Image-caption web data
= = =

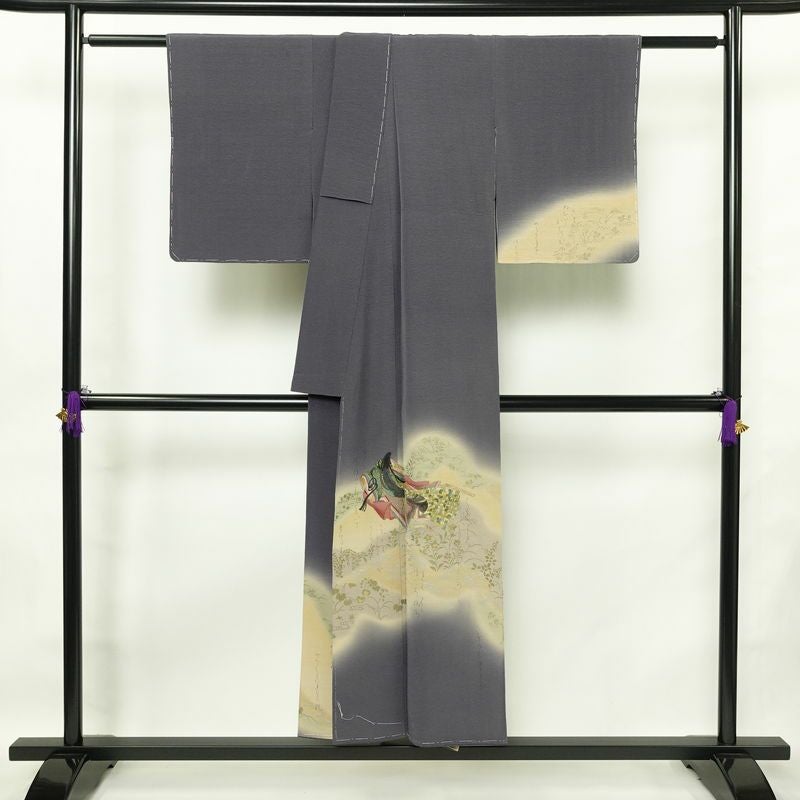 付け下げ 美品 落款入り しつけ糸付き 正絹 人物・動物柄 袷仕立て 身丈148cm 裄丈61.5cm リサイクル着物 着物 箔 紫・藤色_画像2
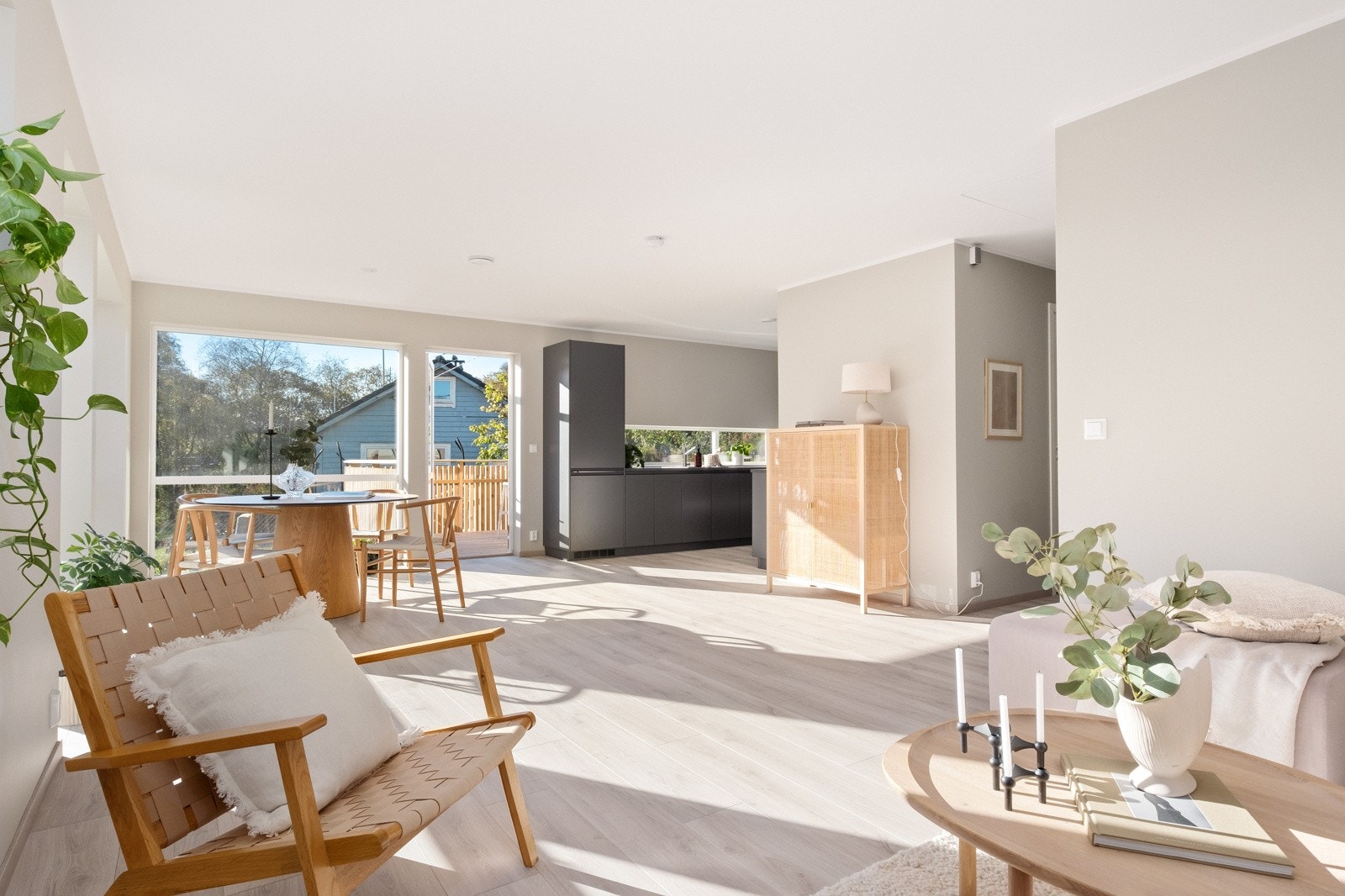 Her er det en pen en-stavs laminat på gulv fra Pergo. Galleribilde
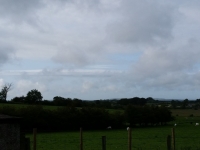 《目擊分享》在北愛爾蘭拍到外星船艦偽裝成雲彩！？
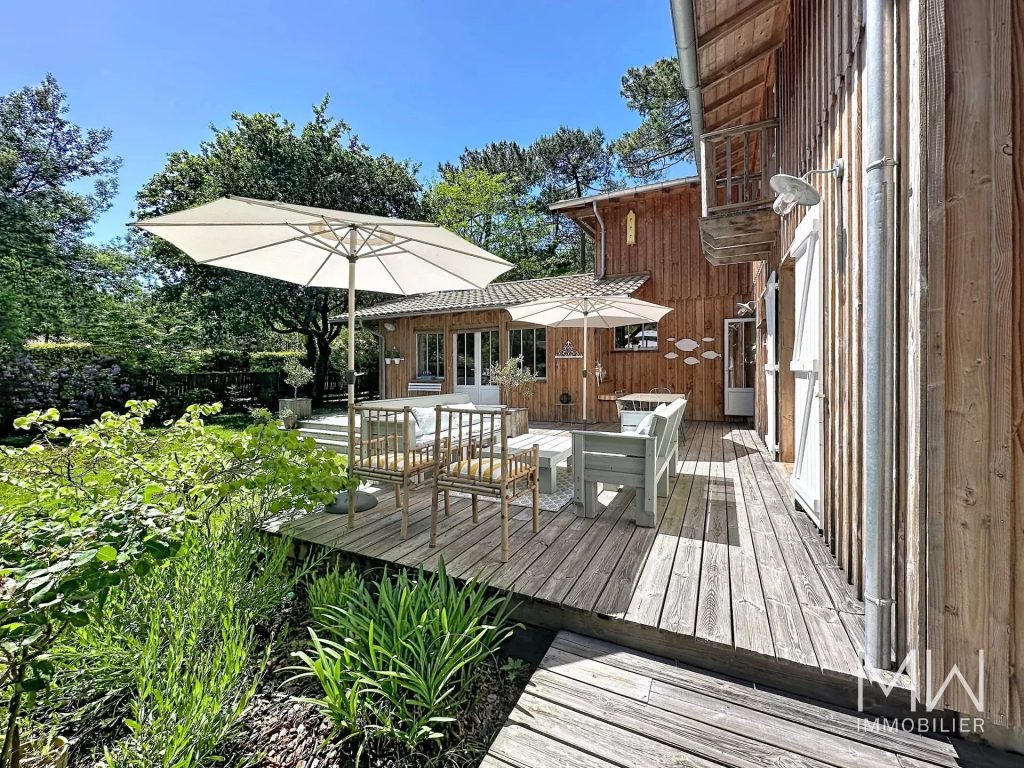 CHARMANTE VILLA BOIS SOUS LA PINEDE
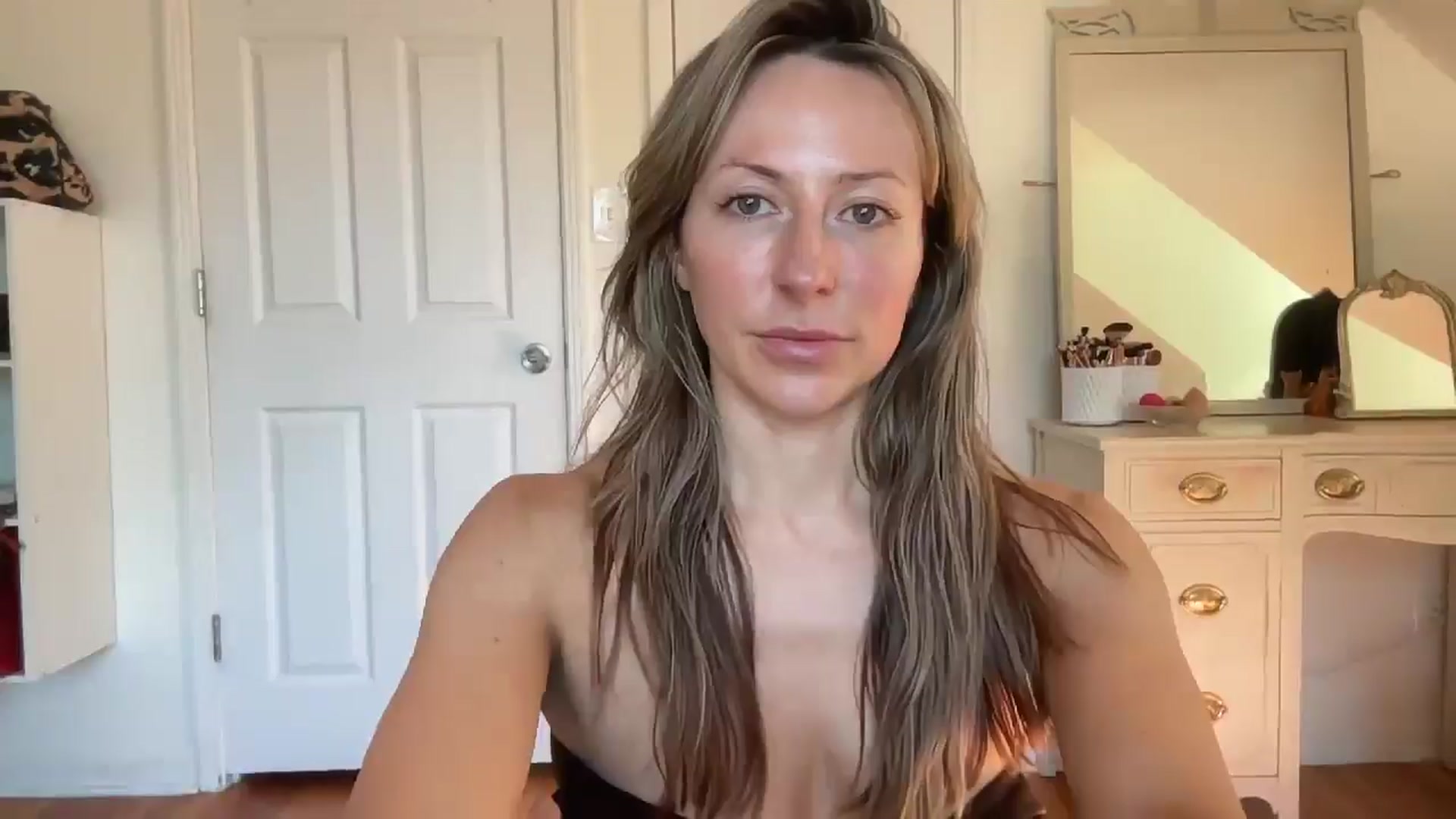 Gallery image thumbnail from bellabaxxxter's myfreecams stream on, 08/25/2025, 14:32 image 11 of 20
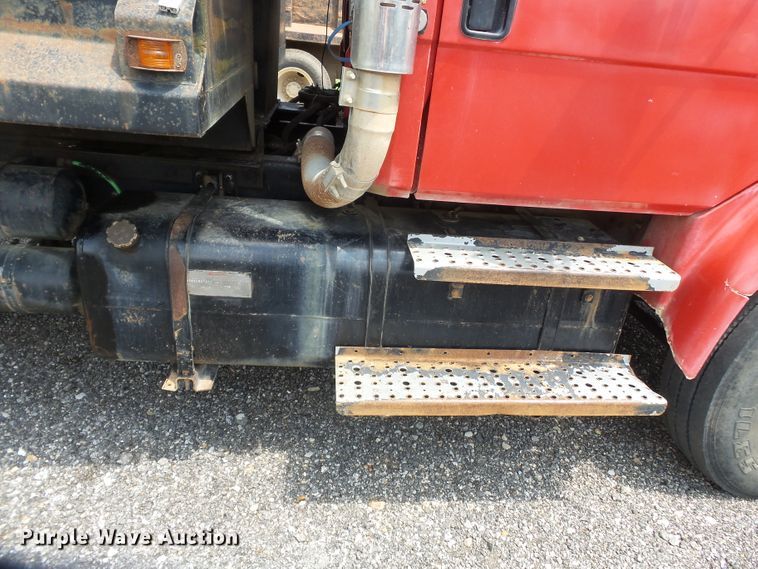 image for item DE7843 1996 Freightliner FL106 dump truck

= = =

What you are asked to do:
Starting with the line containing "Gallery image thumbnail" and ending with the last line of the records above, write out each line exactly; no pictures.

Task solution:
 Gallery image thumbnail from bellabaxxxter's myfreecams stream on, 08/25/2025, 14:32 image 11 of 20
 image for item DE7843 1996 Freightliner FL106 dump truck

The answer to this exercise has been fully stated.